Think for a moment of the parable of the sower and his seed. This is a story which most (if not all) Christians are familiar with. The seed falls in four different locations, and in three cases it does not produce fruit for various reasons. Sunday school classes often teach this particular parable for its simple structure – it is easy to grasp, even at a young age. It is interesting, then, that we so readily forget it. If you are like me, you typically think of yourself as simply the “good ground” we read of in Matthew 13:8. This is altogether too easy a mindset for us to slip into – I’m saved; it’s all meaningless now. Nothing I do can merit my salvation, and it’s already been bought anyway. I’m good. Now I just have to find the best way to produce some fruit.
If we adopt this thinking, there is nothing here for us – this parable is totally meaningless. We would do well to consider ourselves in connection to the other kinds of soil. By nature, of course, we are the hard ground that the seeds are incapable of penetrating; we know this and are often willing to acknowledge it. But we are sometimes also the other soils as well. How often do we not make our faith overtly obvious in the best of times but then become mysteriously quiet in the face of trials? When we do so, we are the stony soil – there is precious little foundation there, and the sun blisters and withers anything that grows. When the seeds of offensive doctrine are sown to us by God’s Word, how do we react? Often, we are choked out from confessing them by the thorny old man. When the command comes to us to lead a new and godly life, the old man closes our throat with his thorny earthly pleasures and prevents us from speaking up in obedience. Instead, we continue to live lives of utter sinfulness, drinking, lusting, and lying as we did before.

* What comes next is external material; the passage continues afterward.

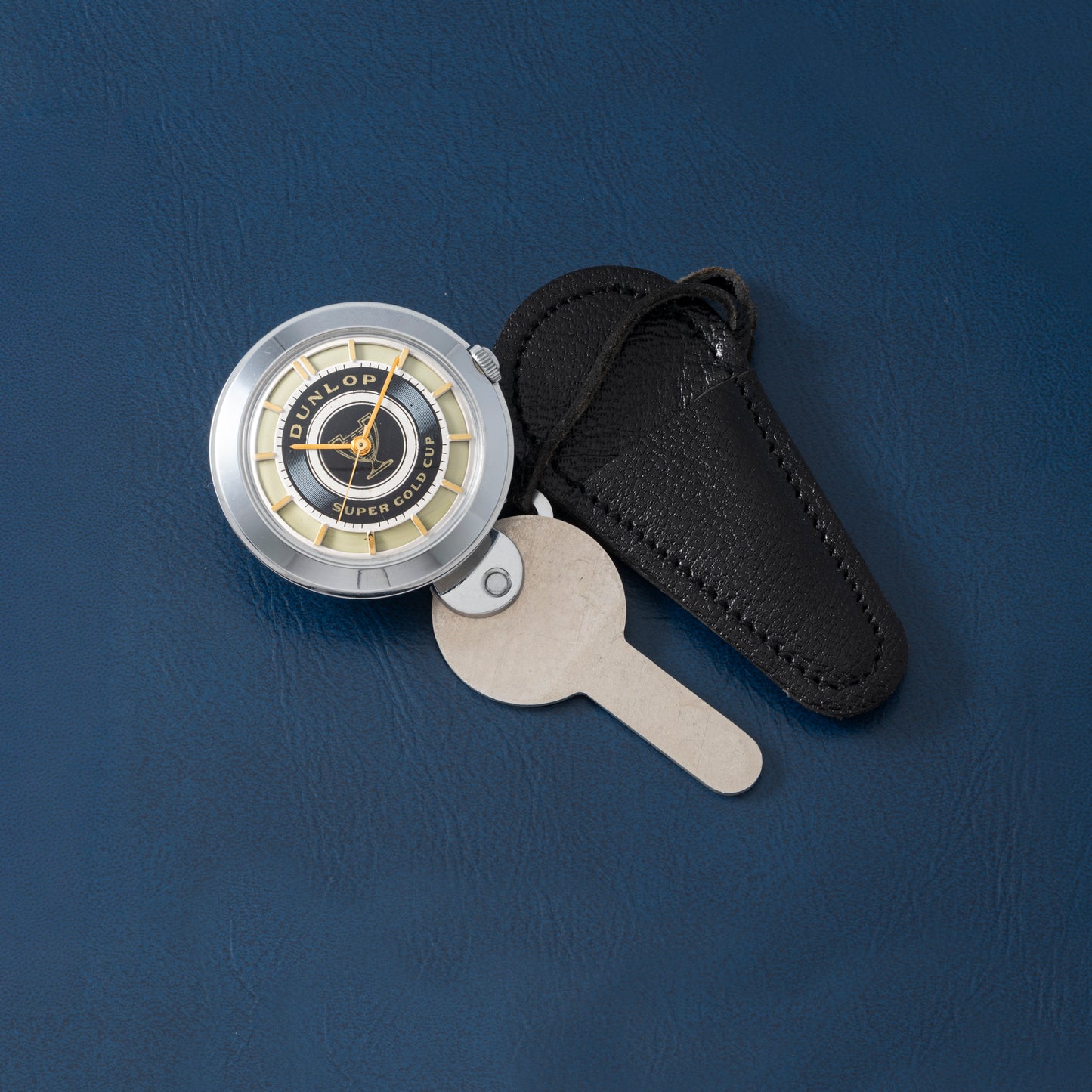 A vintage Dunlop Prestige Watch Co. key watch with a metal key and black leather case is perfect for collectors, displayed on a blue textured surface.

Now acknowledging our shortcomings, we can consider our ultimate place – the soft soil. Remembering that is only by the Spirit’s continual work of sanctification in us that our inner thorns are more and more uprooted, we ought to turn to God in utter dependence and thanksgiving! However, now that the gospel is able to take root in our hearts, the work is not at an end. The plant must continue to grow and to produce fruit. What better way to cause this growth than the opportunity we have tomorrow morning? Enter into God’s house and worship Him. When you hear the Word preached, you will grow spiritually in the warmth that is the “Sun of righteousness” (Malachi 4:2). Jesus Christ, the living water, will enter into the roots of your faith and heart and rejuvenate you from your thirst after a long, sinful week. Only when we have the grace of God within us are we able to produce the fruit that He demands of us. If we fool ourselves into thinking that we can produce fruit of our own accord, we will find that we fail; it will be tainted by our self-righteous pride, and it will be rotten. This fruit is not pleasing to God – of such He says, “I will spue thee out of my mouth” (Revelation 3:16)! So, child of God, when you go to the house of God tomorrow, soak up the sunlight, and drink of His goodness!